I. La Cité du Code et la Règle d’Or

Il était une fois, au cœur d’un royaume de pierre et de logique, la ville d’Orthos. Cette cité était célèbre pour sa Grande Loi, gravée sur le Cube de la Mesure, et surtout pour ses Scribes, les gardiens du détail.

Parmi eux se trouvait Maître Thémis, le plus rigoureux des Scribes. Pour Thémis, l’ordre du monde dépendait de l’obéissance absolue à chaque article, chaque ligne du Cube. La règle suprême d’Orthos était : « Nul ne doit travailler ou enfreindre le repos le Jour du Parfait Repos, car la Mesure l’exige. »

Un jour, une vieille femme nommée Lysis arriva à Orthos. Lysis n’était pas courbée par l’âge, mais par une chaîne invisible qui tirait son dos vers la terre, l’obligeant à ne regarder que la poussière. Elle portait ce fardeau depuis si longtemps que les habitants d’Orthos avaient oublié qu’elle avait jamais pu se tenir droite.

II. Le Sabbat, la Corde et le Silence

Le hasard voulut que Lysis s’effondrât de fatigue un Jour du Parfait Repos, sur la place principale, juste devant le Cube de la Mesure.

À ce moment-là, arriva un voyageur, connu sous le nom de Solon, qui ne portait ni parchemin ni titre. Solon vit la femme, non comme une infraction à l’ordre public, mais comme une souffrance à soulager.

Sans un mot, Solon s’agenouilla. Il ne fit aucun geste médical, mais posa simplement ses mains sur les épaules de Lysis et prononça doucement : « Femme, le ciel ne veut pas que tu regardes la poussière. Relève-toi. »

Et la chaîne invisible se rompit. Lysis se redressa, lentement, les yeux remplis de larmes. Pour la première fois depuis vingt ans, elle vit le ciel, le soleil, et la face de l’homme qui l’avait libérée. Elle poussa un cri de joie et se mit à marcher, exultant.

III. L’Indignation et l’Acte d’Accusation

L’émoi fut de courte durée. Maître Thémis, sortant de la maison de l’Ordre, arriva, son visage aussi dur que le Cube de la Mesure.

Il ne vit pas la joie de Lysis, mais la transgression du Code.

— Arrêtez ! cria Thémis, s’adressant à la foule. Cet homme a commis une faute grave ! Il a travaillé en ce Jour du Parfait Repos ! Il a agir et changer le cours des choses, alors que le Cube exige l’immobilité et le respect de la Règle d’Or !

Puis, se tournant vers Solon, il déclara :

— Pourquoi as-tu violé l’Article 3, Alinéa 7, qui interdit toute action transformative en ce jour ? N’y avait-il pas six autres jours pour accomplir ton acte de… de bienfaisance ?

La foule, habituée à l’autorité de Thémis, commença à murmurer, partagée entre la joie d’une femme libérée et la peur de l’infraction.
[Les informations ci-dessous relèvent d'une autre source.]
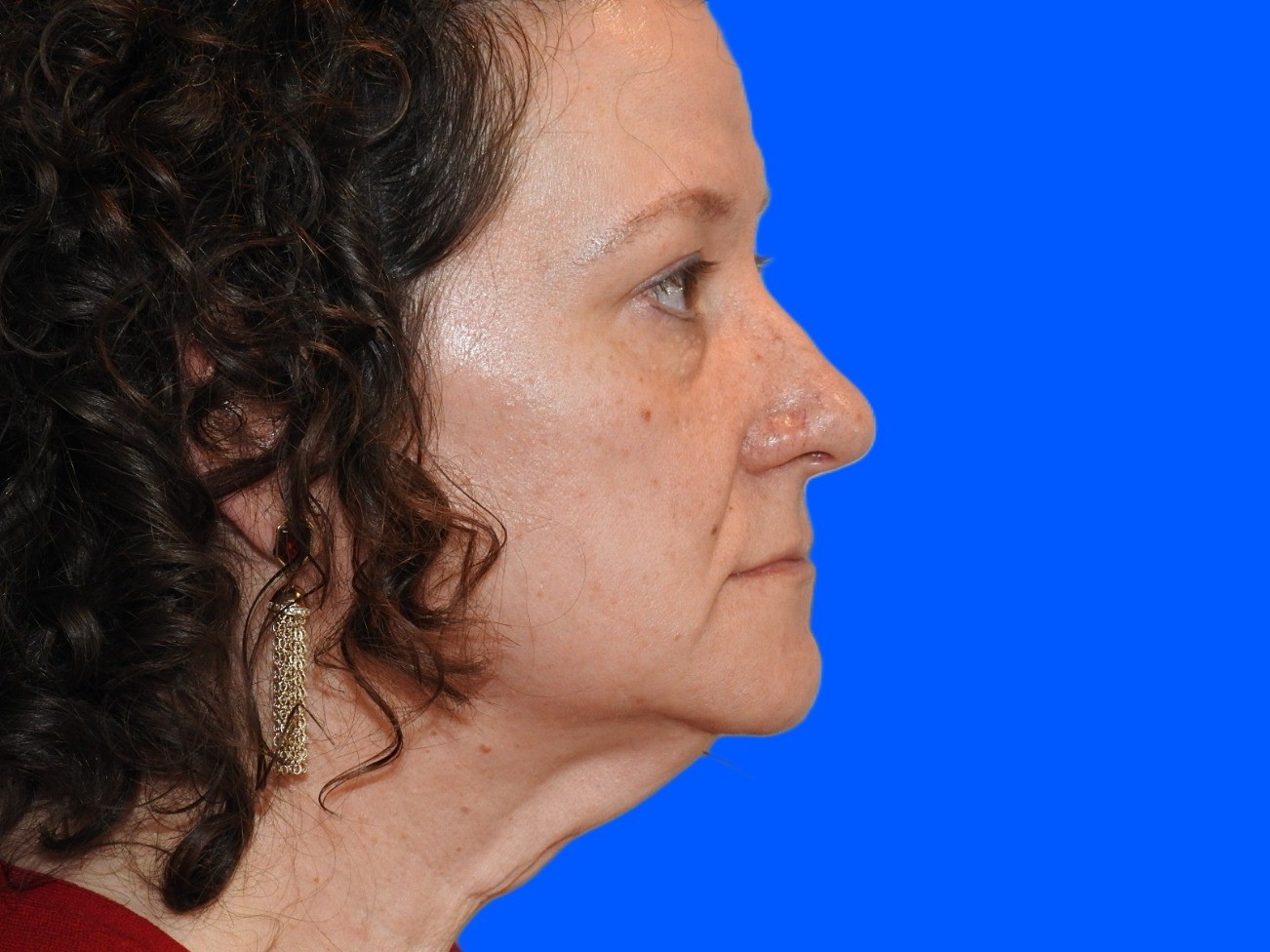 Before Image: Patient Case #0113 - right-side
IV. La Réponse de la Bête et de l’Homme

Solon, sans colère, répondit à Thémis :

— Dis-moi, Maître Scribe. Dans ta maison, si un chien, même le Jour du Parfait Repos, tombait dans un puits ou restait attaché par une corde qui l’étranglerait, ne le détacherais-tu pas pour le sauver ?
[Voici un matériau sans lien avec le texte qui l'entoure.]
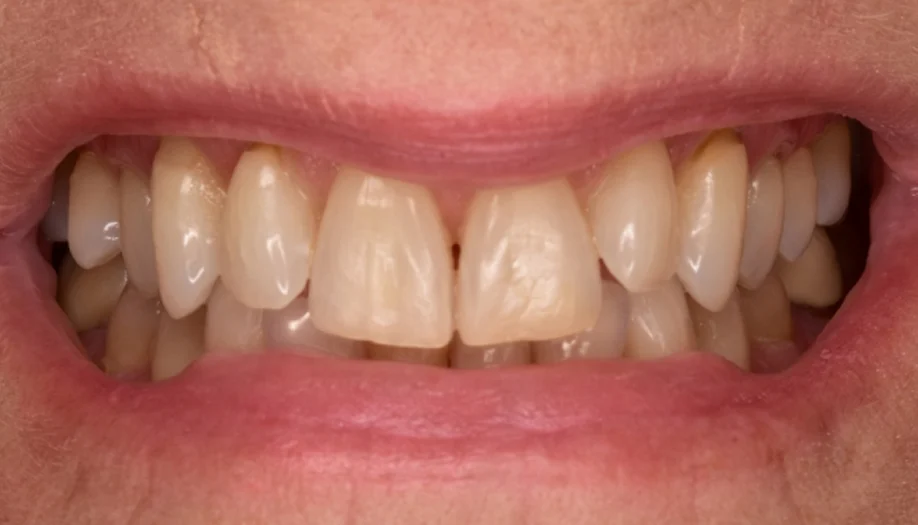 Smile Gallery 28 Before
Thémis, confus, répondit : « Bien sûr ! La Loi elle-même autorise à délivrer une bête du danger, car la cruauté est un manquement plus grand que le travail. »

Solon sourit, un sourire de douceur et de sagesse :

— Alors, vous délivrez votre bête pour éviter la souffrance et respecter la vie. Et vous blâmez celui qui délivre une femme, une âme humaine, d’une souffrance de vingt ans ? La Loi est-elle faite pour servir la vie, ou pour l’emprisonner ? N’est-il pas le plus grand service que de redresser ce qui est courbé ?
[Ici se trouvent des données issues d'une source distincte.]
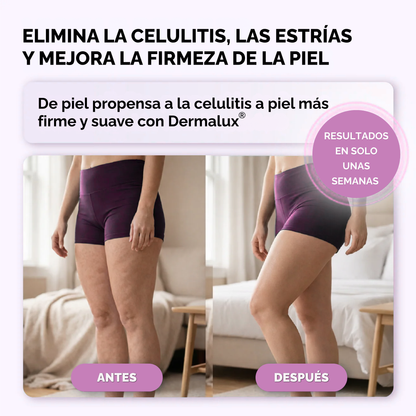 Masajeador de Vacuoterapia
La règle n’est qu’une mesure ; l’amour est l’essence. Si la mesure contraint l’essence de la vie, alors la mesure doit être brisée.

V. L’Héritage de la Question

Thémis, ébranlé, regarda le Cube de la Mesure, puis la femme, Lysis, qui se tenait debout et belle sous le soleil. Il comprit que l’obéissance aveugle l’avait rendu sourd au cri du vivant.

Ce jour-là, Solon fut libéré. Et si la Loi d’Orthos resta gravée, elle fut désormais lue avec un nouveau cœur. Les gens comprirent que la règle la plus importante n’était pas dans la pierre, mais dans l’élan qui fait se lever l’autre.

L’âme véritable de la Loi n’est pas le Code, mais la miséricorde qui ne supporte pas l’injustice d’une seule journée de plus.